TASK DIRECTIONS: Retype exactly what appears below from the line containing "Child Of Mine" down to the line containing "Women's long chiffon", keeping both end lines. Do not include pictures.

EXTRACTED MATERIAL:
# # #

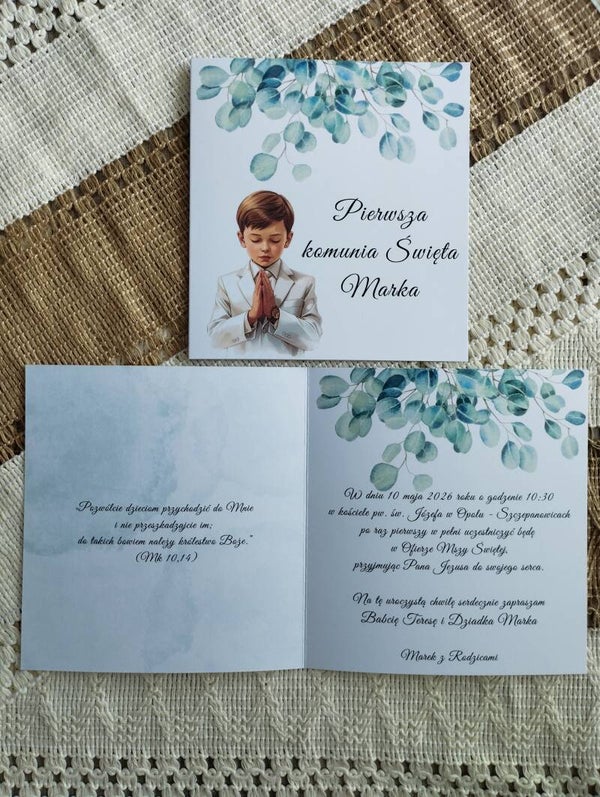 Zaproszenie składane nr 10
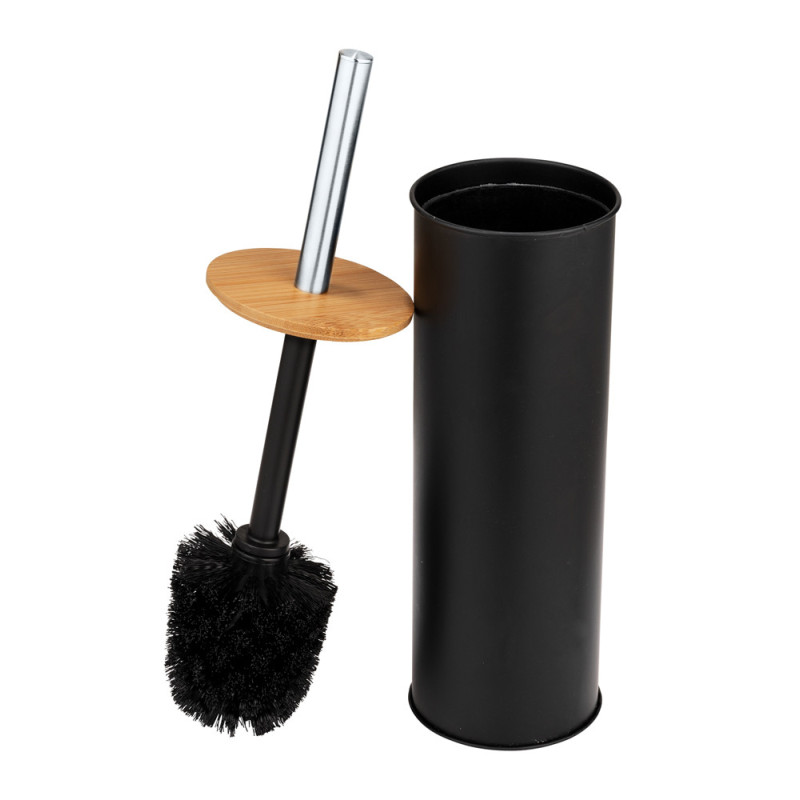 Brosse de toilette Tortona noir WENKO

# # #

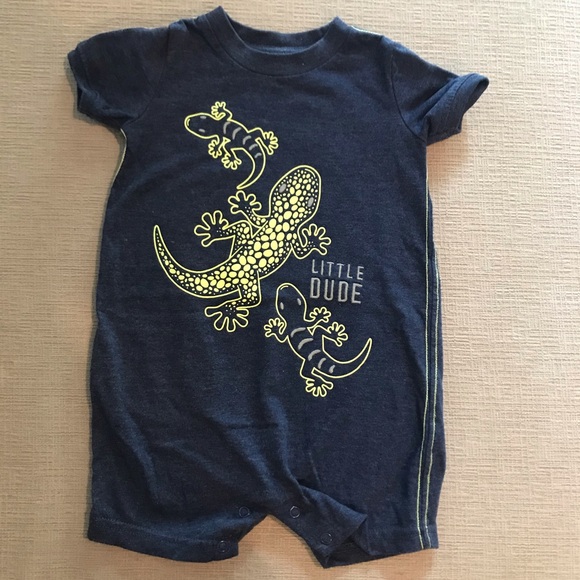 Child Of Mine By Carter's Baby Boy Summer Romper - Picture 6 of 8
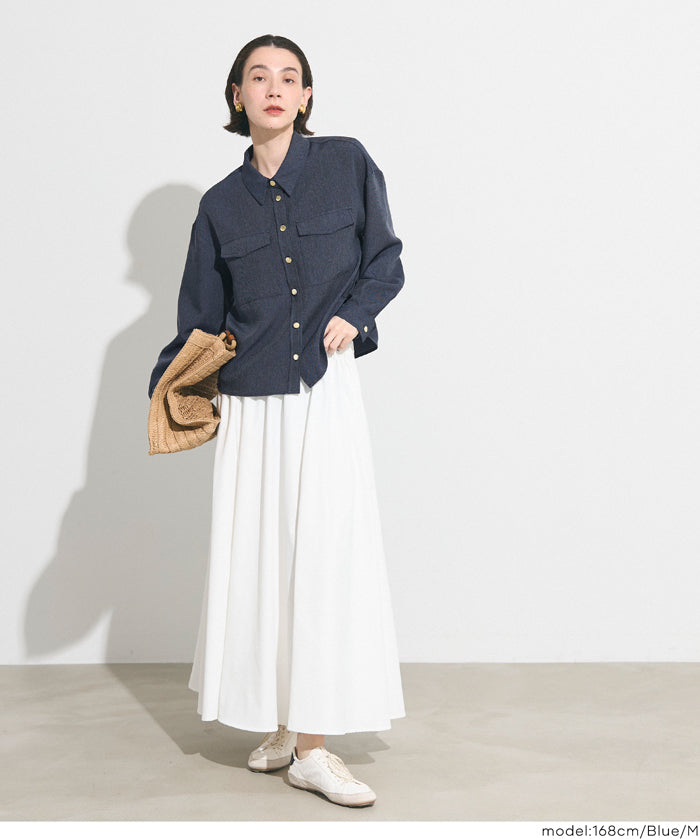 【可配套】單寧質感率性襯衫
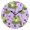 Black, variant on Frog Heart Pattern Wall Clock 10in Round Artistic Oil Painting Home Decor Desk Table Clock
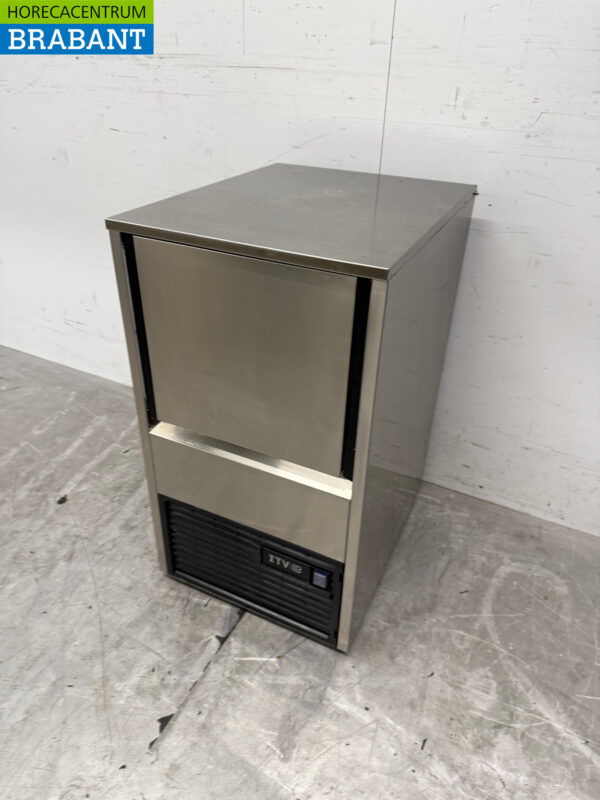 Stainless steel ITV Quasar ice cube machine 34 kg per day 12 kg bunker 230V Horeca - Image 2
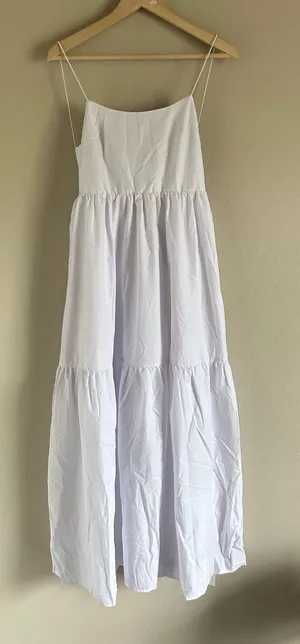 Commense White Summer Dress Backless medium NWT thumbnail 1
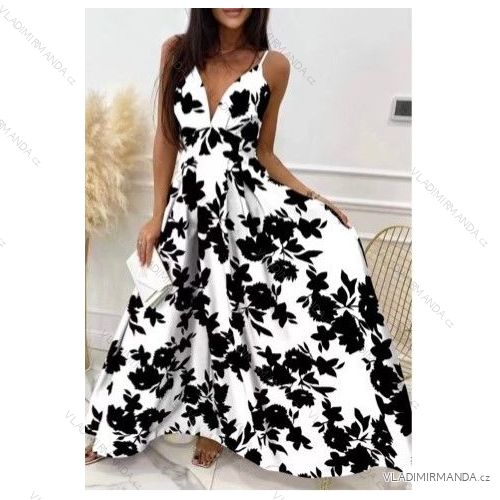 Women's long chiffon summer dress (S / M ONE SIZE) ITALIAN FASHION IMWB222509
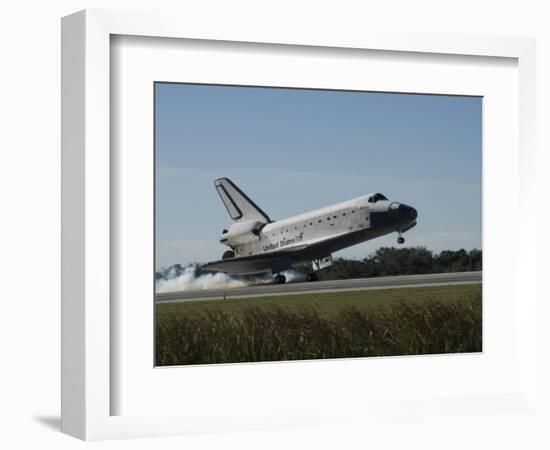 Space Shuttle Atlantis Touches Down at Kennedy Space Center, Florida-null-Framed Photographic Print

# # #

WRITTEN SOLUTION:
 Child Of Mine By Carter's Baby Boy Summer Romper - Picture 6 of 8
 【可配套】單寧質感率性襯衫
 Black, variant on Frog Heart Pattern Wall Clock 10in Round Artistic Oil Painting Home Decor Desk Table Clock
 Stainless steel ITV Quasar ice cube machine 34 kg per day 12 kg bunker 230V Horeca - Image 2
 Commense White Summer Dress Backless medium NWT thumbnail 1
 Women's long chiffon summer dress (S / M ONE SIZE) ITALIAN FASHION IMWB222509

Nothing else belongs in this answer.